5. Feeling blessed and defining success

“I’m very proud to be part of our family team at home and of whatever I can contribute to support my husband and daughter in achieving what matters to them in their lives.

“I am truly blessed to have my own family. Having my daughter especially, has motivated me, perhaps more so than before I had a child, to be a role model she can look up to. Just like my parents inspired me to be independent and have a strong work ethic, I want her to feel she can stand on her own two feet, to define herself and not be defined or confined by others, and to feel secure and accepted by the people around her.

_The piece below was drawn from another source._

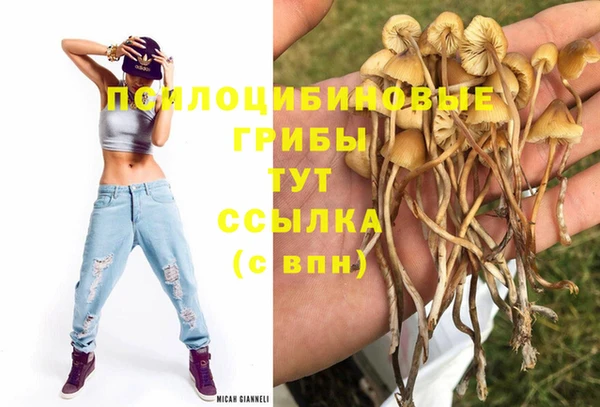 ALPHA-PVP Верхнеуральск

“And success to me – what I create in my books or vision boards - is setting a goal or vibe and hitting it. I try to celebrate achieving each step along the way to goals - small/medium/large. Success, whether big or small, is about being proud to put my name to something I helped to make happen.

“Success is also seeing the people around me thrive. Back in the day, my dad working hard to secure a home for us and put a roof over our heads. My mum taking pride in her job and working to the best of her ability. My brother in a role he loves and where he belongs, my daughter making her way in the world, I could go on!”

“My advice to anyone reading? Believe in yourself. Back yourself. And if you don’t, then find cheerleaders who will help you to.”

Five things we learnt from Ro

  1. Do the best you can with what you’ve been given.
  2. Add value when you can with what you have to offer.
  3. We all need help sometimes. Please ask when you feel you do.
  4. Good things can still come out of really challenging situations.
  5. Find your blessings and count them.